Return all of the data below verbatim and exclude every picture.

_Collected data_
####
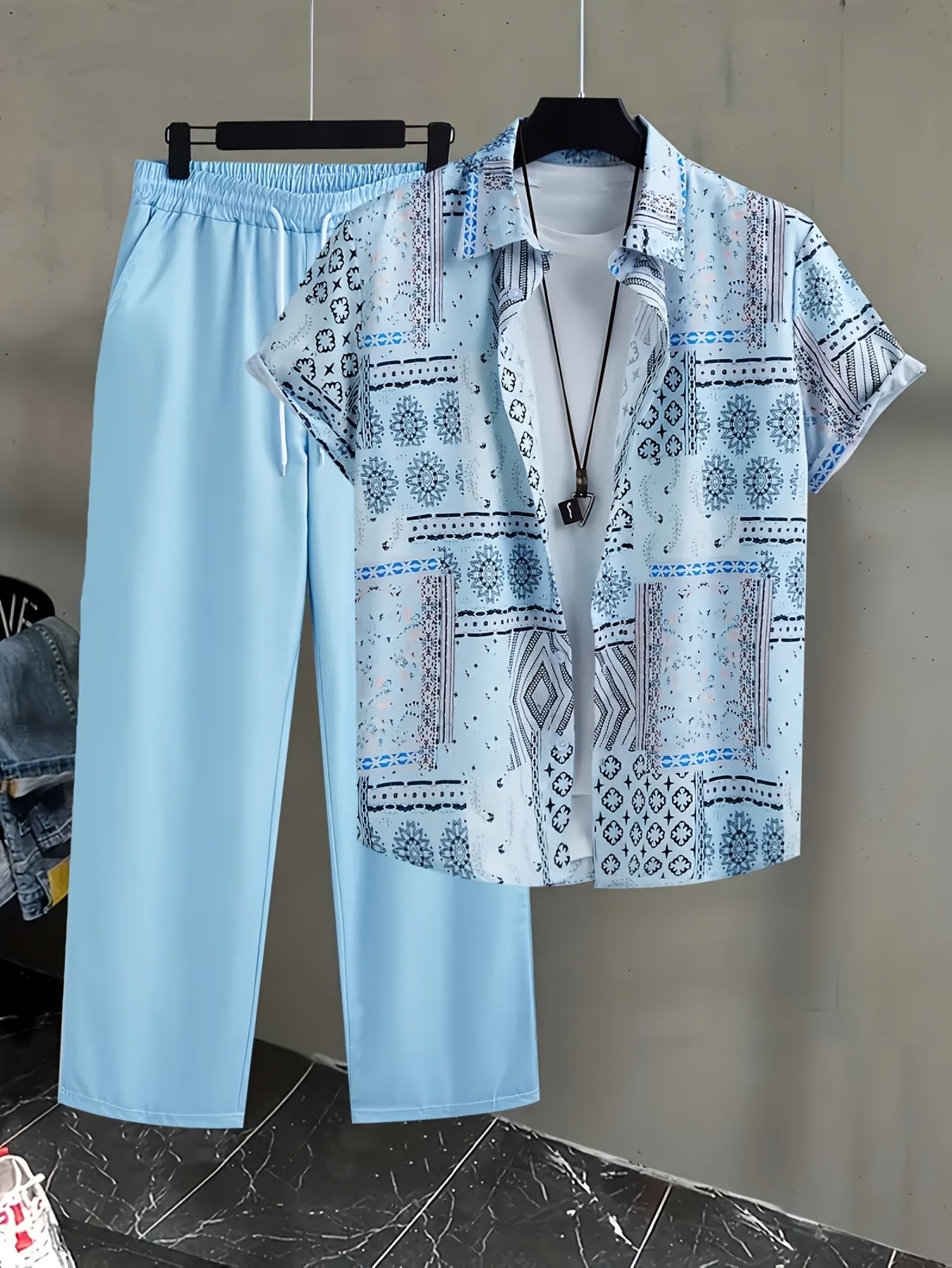Men's Shirt and Pants Set - Geometric Print Summer Style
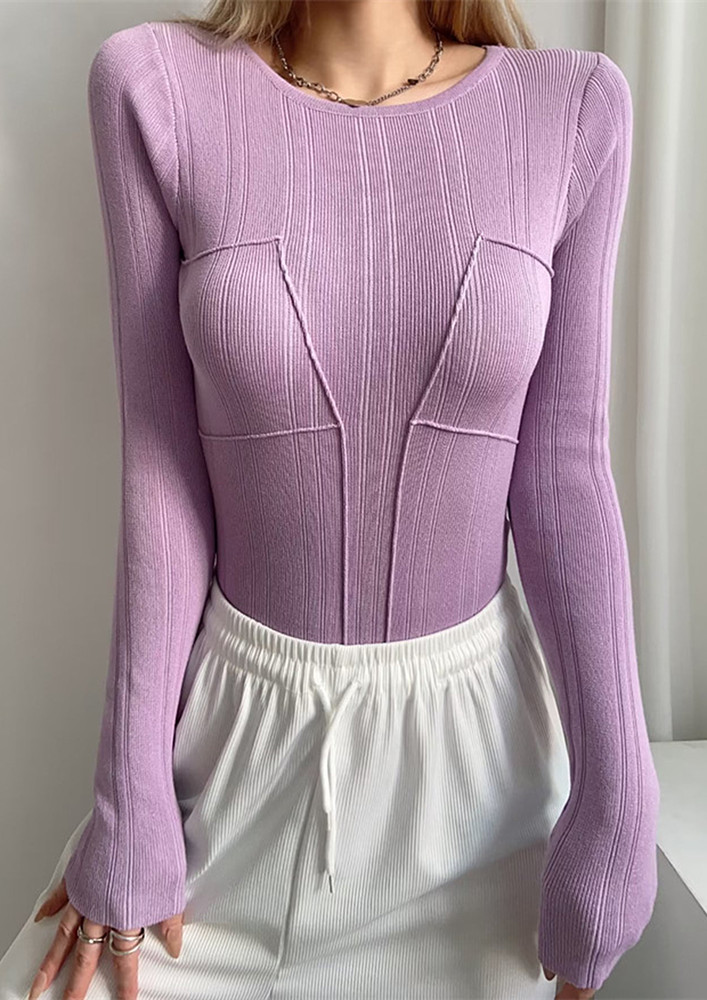 Purple Flatlock-detail Bodysuit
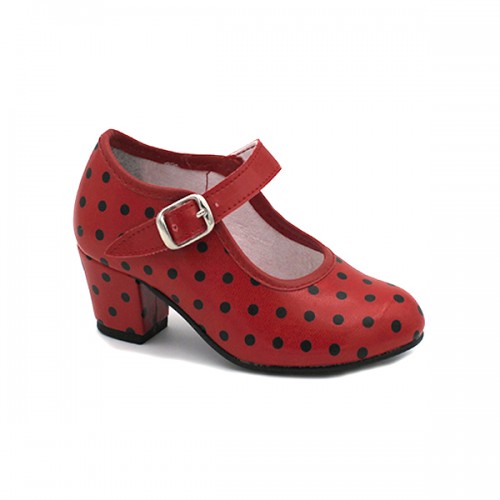 Zapatos flamenco rojo con lunares negros. Fabricado en España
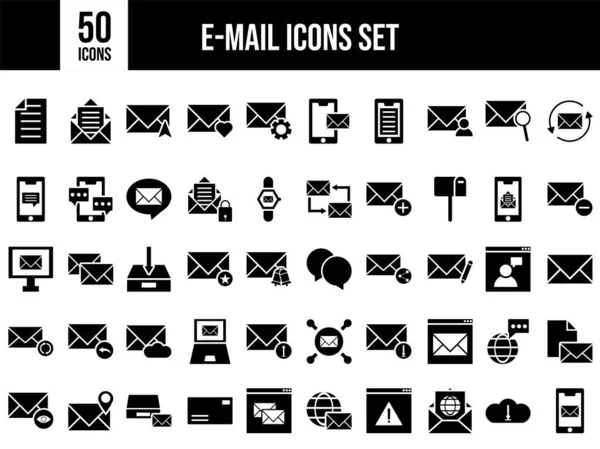 Email Icon Set Black White Color — Stock Vector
####
_Answer to this exercise_
Men's Shirt and Pants Set - Geometric Print Summer Style
 Purple Flatlock-detail Bodysuit
 Zapatos flamenco rojo con lunares negros. Fabricado en España
 Email Icon Set Black White Color — Stock Vector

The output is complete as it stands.